Nos últimos 12 meses, as exportações do agronegócio totalizaram US$ 23,8 bilhões. Este volume é US$ 2,7 bilhões superior ao do período de 12 meses imediatamente anterior. As importações, por sua vez, tiveram uma redução de 13,9% no período, ficando em US$ 5,080 bilhões. Os produtos responsáveis pelo aumento das exportações nesse período foram o complexo soja, couro e calçados, complexo carnes, açúcar, fumo e tabaco e frutas frescas. No total, esses setores exportaram US$ 13,374 bilhões, embarcando 41,934 milhões de toneladas ao exterior.
No mês de novembro, a balança comercial do setor manteve a tendência de crescimento que vinha mostrando ao longo deste ano.
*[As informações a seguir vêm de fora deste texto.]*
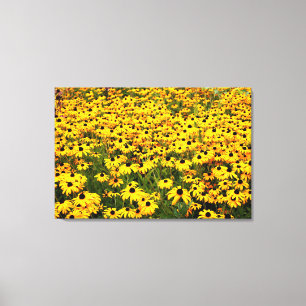 Black Eyed Susans Diptych Canvastryck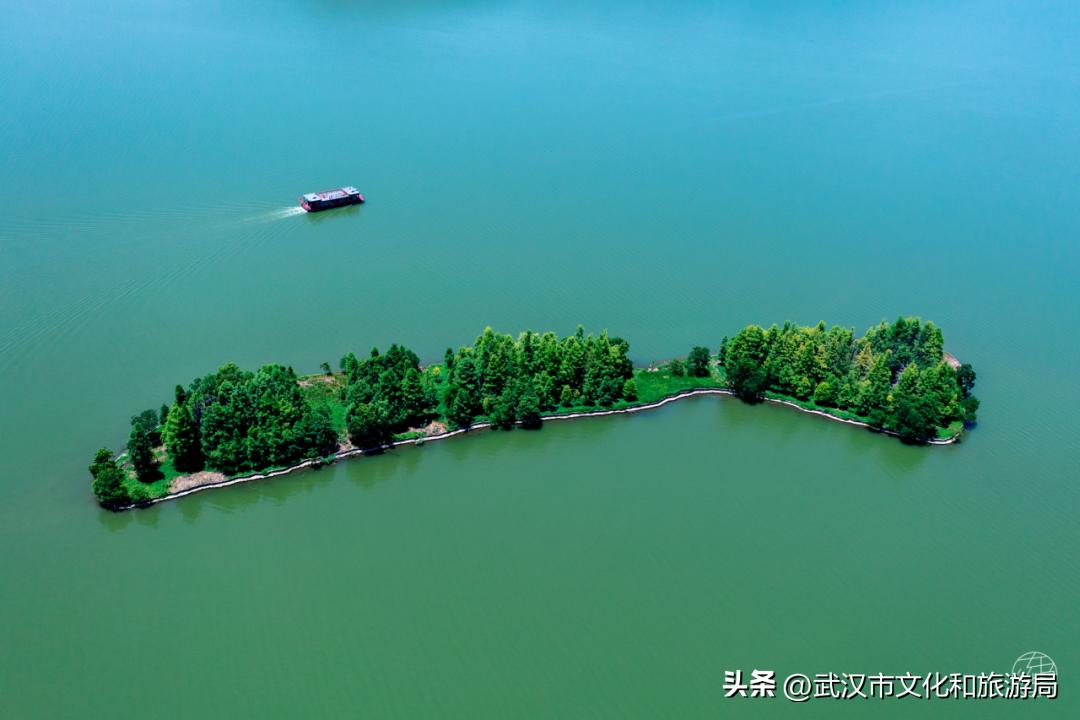 武汉东湖免费看海,武汉看海的最佳地方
O superávit registrado foi de US$ 1,497 bilhão, resultante da diferença entre exportações de US$ 1,875 bilhão e importações de US$ 377 milhões. Na comparação com novembro do ano passado, as vendas externas cresceram 9,8%, enquanto as importações caíram 22,4% .
O aumento nas exportações foi um recorde histórico para o mês de novembro (quando tradicionalmente ocorrem compras para o final de ano) e deve-se, em grande parte, à desvalorização cambial, que desestimulou as importações.
Já a exportação de carne de frango in natura cresceu 25,39%, chegando a US$ 106,031 milhões. No complexo soja, o farelo de soja continuou liderando as vendas, com US$ 182 milhões. As exportações de açúcar alcançaram US$ 281,5 milhões , enquanto as vendas externas de sucos de frutas e de frutas frescas foram de US$ 89 milhões e US$ 30 milhões, respectivamente.